**Extracted material**

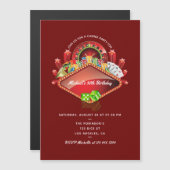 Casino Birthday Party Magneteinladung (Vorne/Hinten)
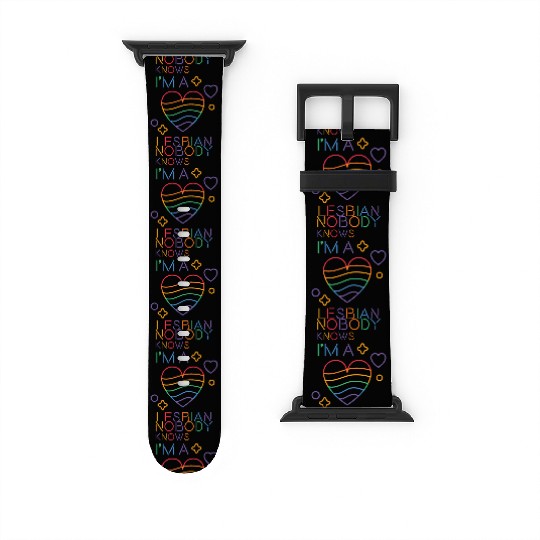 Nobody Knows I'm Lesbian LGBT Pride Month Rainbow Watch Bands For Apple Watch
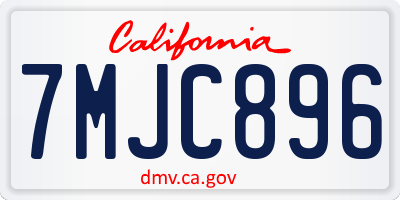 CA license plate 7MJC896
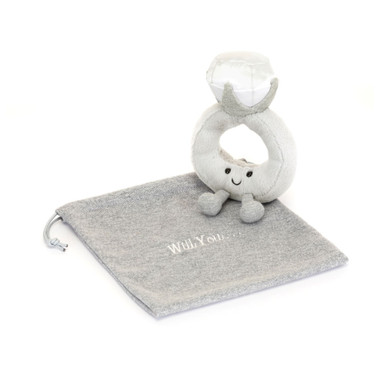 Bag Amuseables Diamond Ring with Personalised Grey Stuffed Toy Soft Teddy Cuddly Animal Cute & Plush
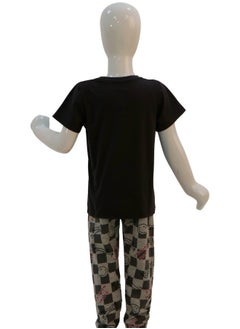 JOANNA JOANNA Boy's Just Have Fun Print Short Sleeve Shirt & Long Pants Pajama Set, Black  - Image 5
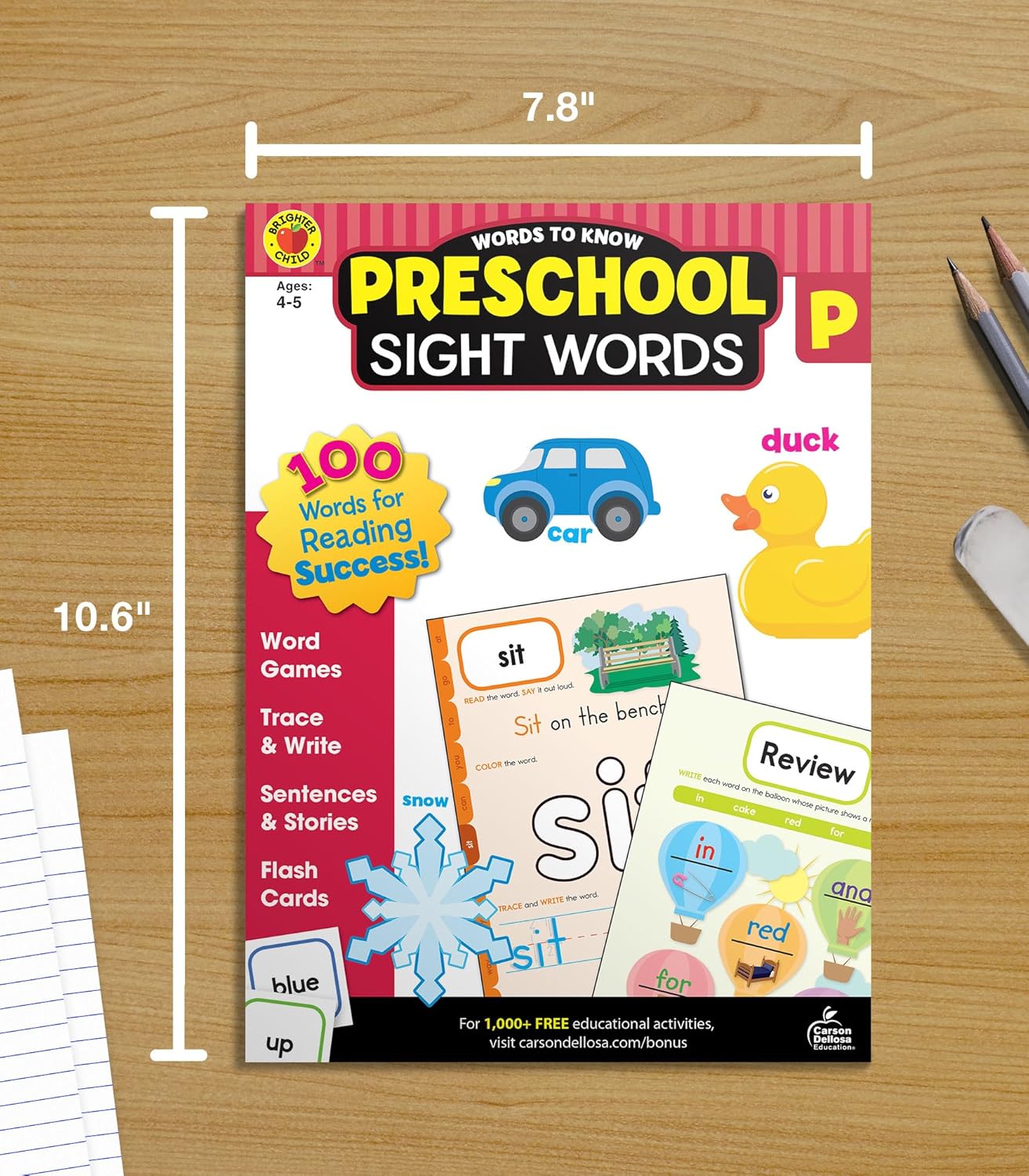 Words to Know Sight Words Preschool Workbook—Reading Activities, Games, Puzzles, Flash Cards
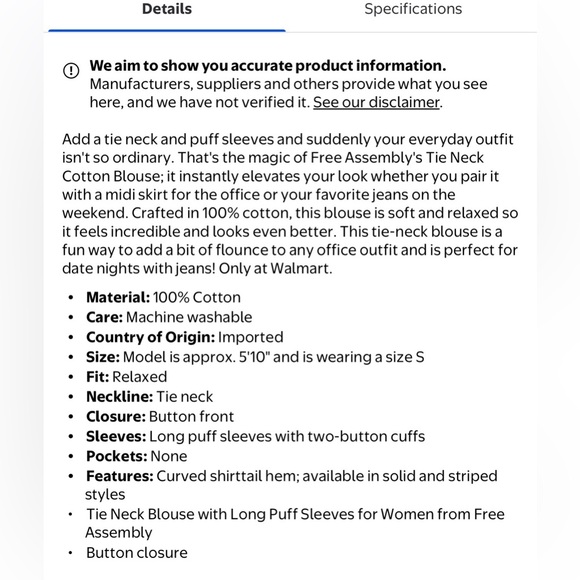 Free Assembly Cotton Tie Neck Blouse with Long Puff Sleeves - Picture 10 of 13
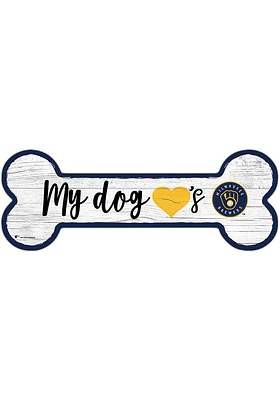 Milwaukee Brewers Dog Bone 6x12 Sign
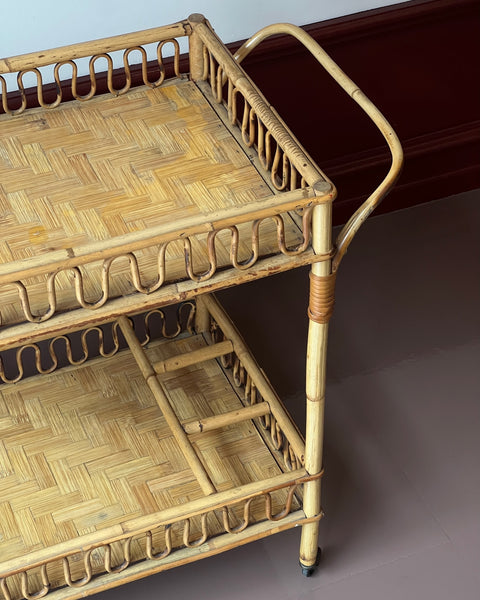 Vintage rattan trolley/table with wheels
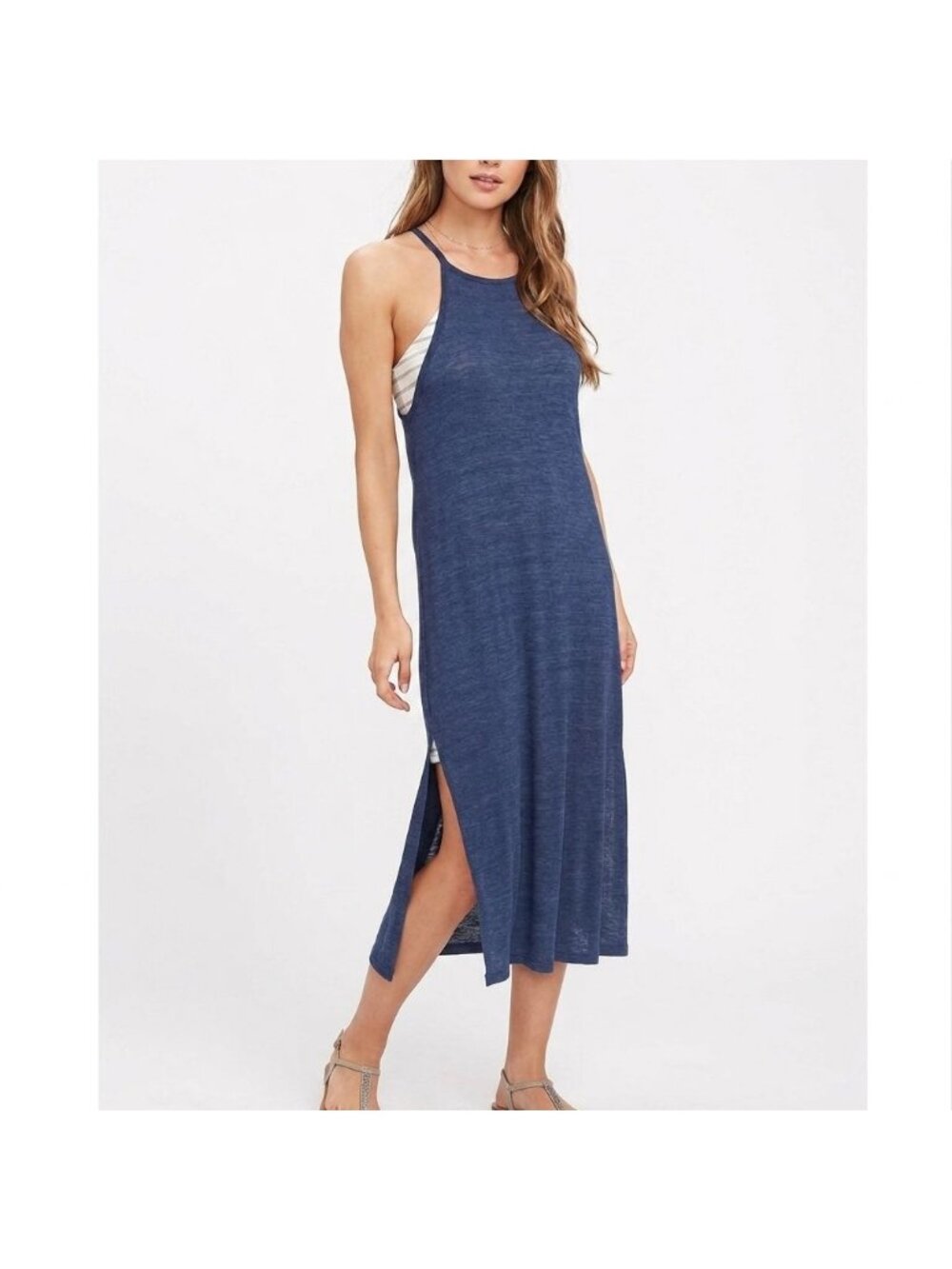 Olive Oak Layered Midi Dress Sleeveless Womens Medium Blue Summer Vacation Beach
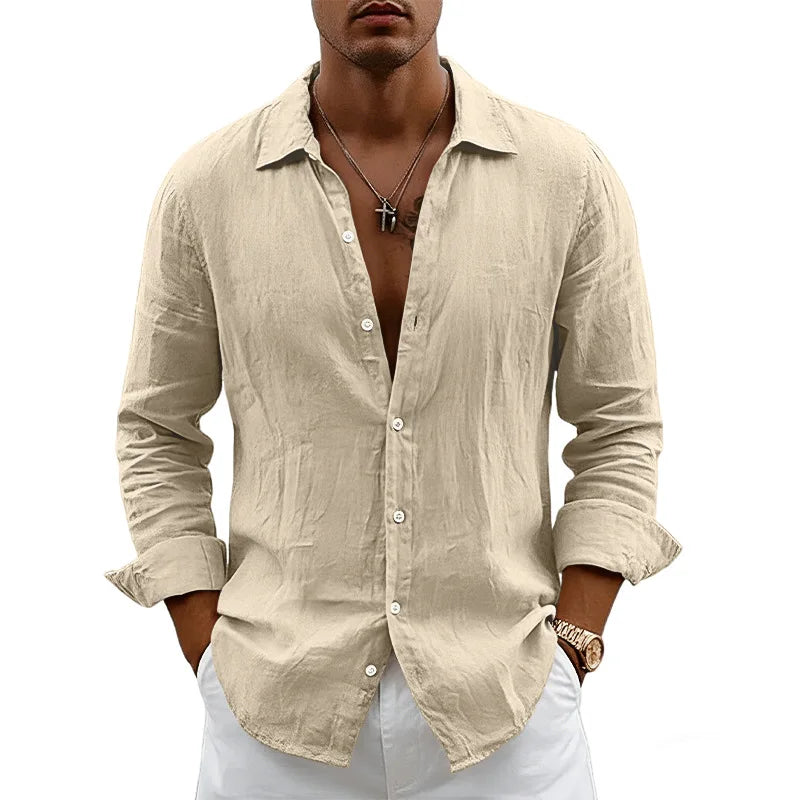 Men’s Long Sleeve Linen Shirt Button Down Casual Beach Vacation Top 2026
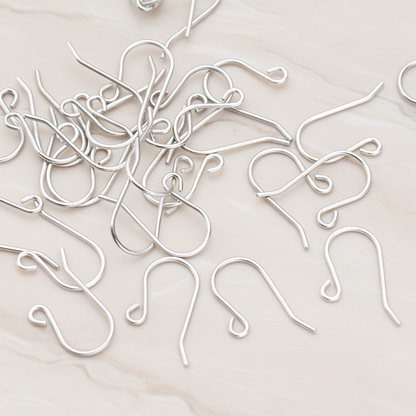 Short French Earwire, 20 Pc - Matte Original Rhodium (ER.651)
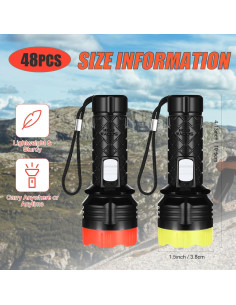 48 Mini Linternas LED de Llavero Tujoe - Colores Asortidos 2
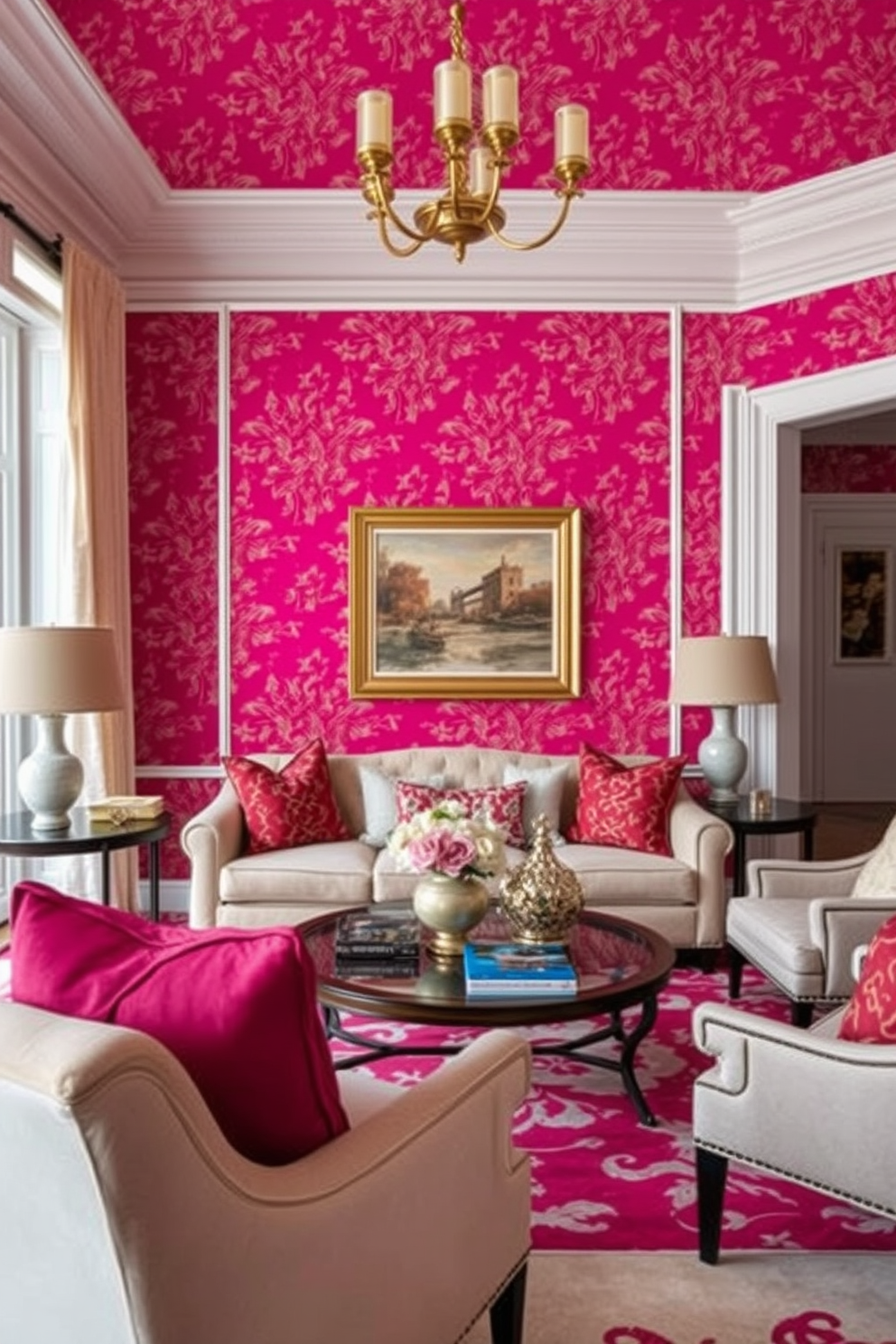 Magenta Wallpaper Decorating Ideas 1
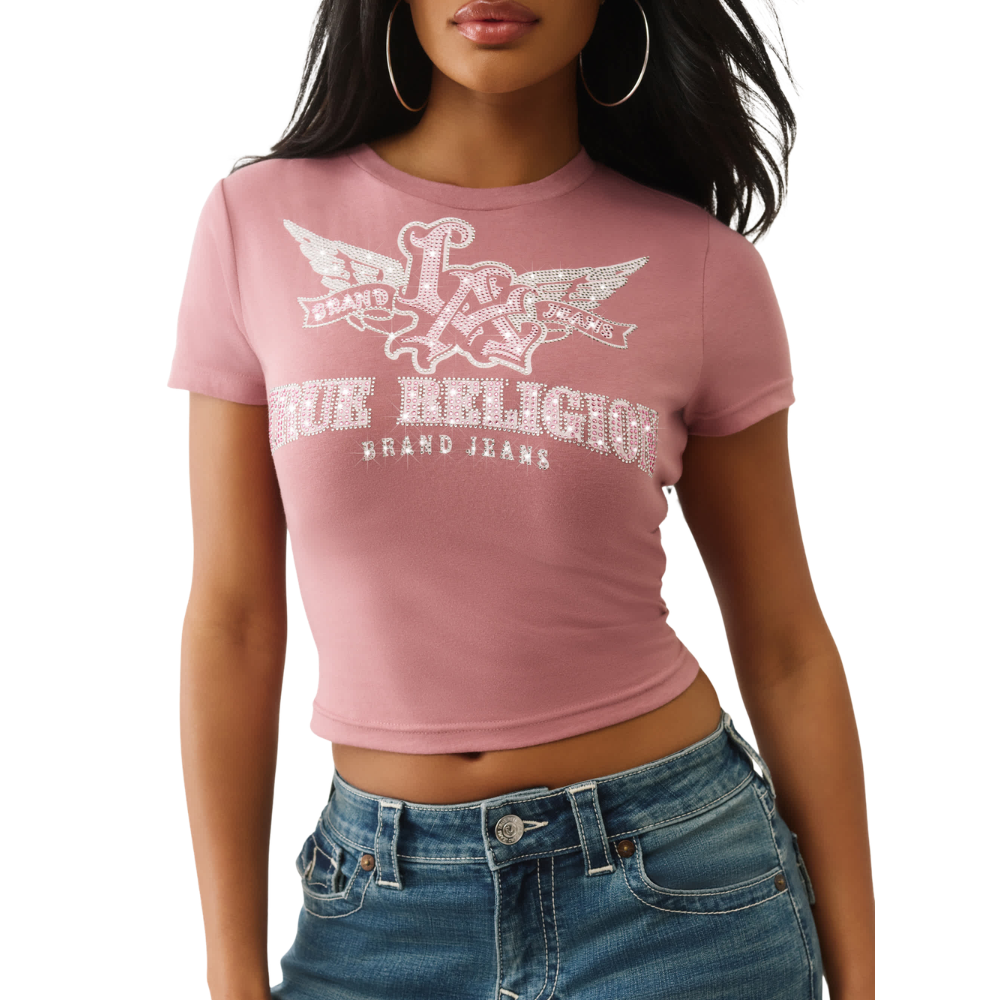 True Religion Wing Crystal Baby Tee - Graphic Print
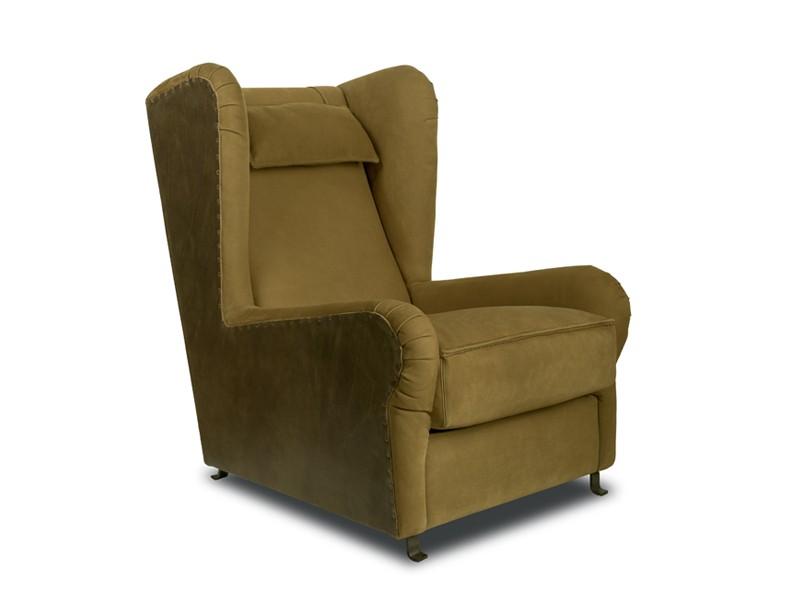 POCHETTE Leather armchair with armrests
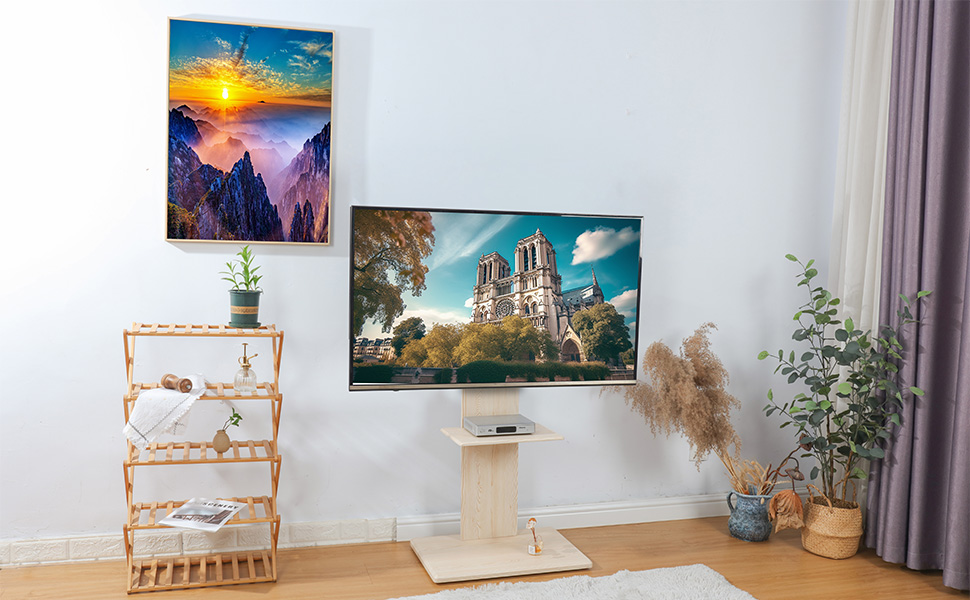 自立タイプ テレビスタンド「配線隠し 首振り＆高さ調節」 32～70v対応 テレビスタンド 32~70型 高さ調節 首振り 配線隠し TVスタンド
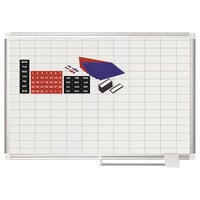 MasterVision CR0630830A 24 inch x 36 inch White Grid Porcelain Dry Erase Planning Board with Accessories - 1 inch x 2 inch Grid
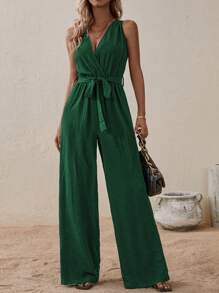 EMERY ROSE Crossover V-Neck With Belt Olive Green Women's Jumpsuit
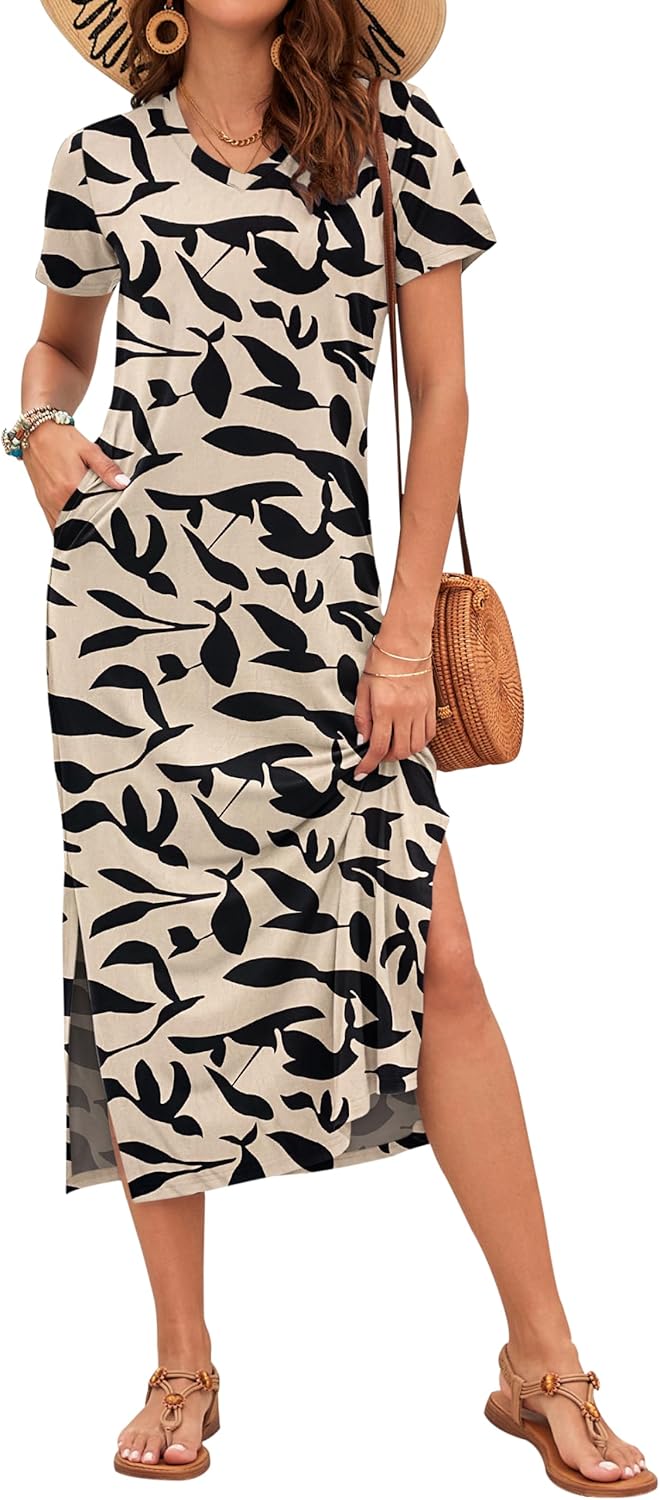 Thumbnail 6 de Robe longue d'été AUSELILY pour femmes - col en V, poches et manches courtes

**Exercise aim**
Nothing but the lines from the first line of the data through the line with "Words to Know" belongs in the answer, copied exactly and without pictures.

**Exercise result**
 Casino Birthday Party Magneteinladung (Vorne/Hinten)
 Nobody Knows I'm Lesbian LGBT Pride Month Rainbow Watch Bands For Apple Watch
 CA license plate 7MJC896
 Bag Amuseables Diamond Ring with Personalised Grey Stuffed Toy Soft Teddy Cuddly Animal Cute & Plush
 JOANNA JOANNA Boy's Just Have Fun Print Short Sleeve Shirt & Long Pants Pajama Set, Black  - Image 5
 Words to Know Sight Words Preschool Workbook—Reading Activities, Games, Puzzles, Flash Cards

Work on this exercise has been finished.